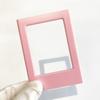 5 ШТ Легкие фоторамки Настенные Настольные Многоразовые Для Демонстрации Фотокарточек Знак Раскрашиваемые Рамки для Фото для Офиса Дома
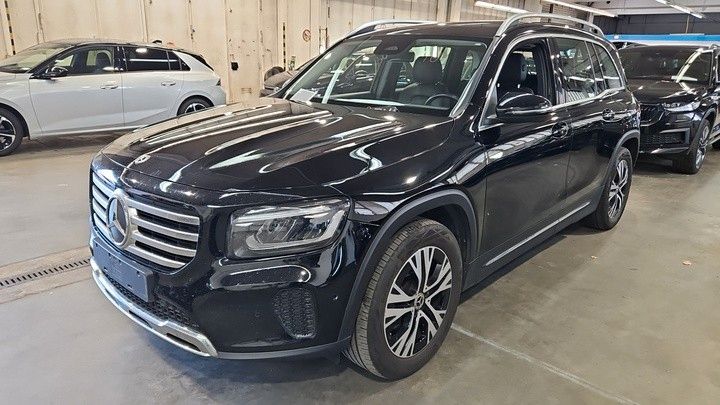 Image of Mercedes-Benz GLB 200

——————

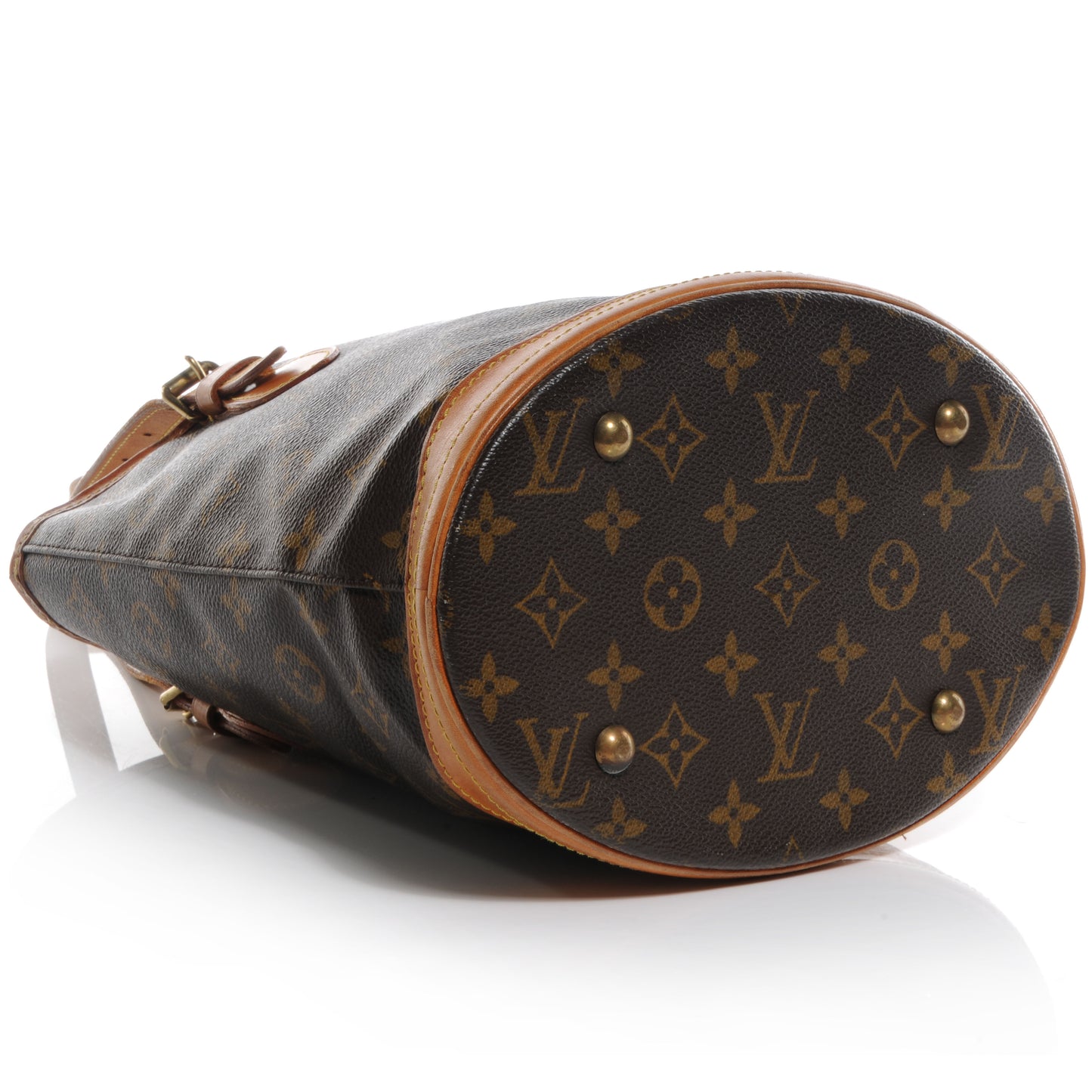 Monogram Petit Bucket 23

——————

- **REQUIREMENT**
Using the data above, give again exactly the lines starting at the one holding "5 ШТ Легкие" and ending at the one holding "Image of Mercedes-Benz GLB 200", inclusive, and nothing more. Omit the pictures.

- **OUTPUT OF THE TASK**
 5 ШТ Легкие фоторамки Настенные Настольные Многоразовые Для Демонстрации Фотокарточек Знак Раскрашиваемые Рамки для Фото для Офиса Дома
 Image of Mercedes-Benz GLB 200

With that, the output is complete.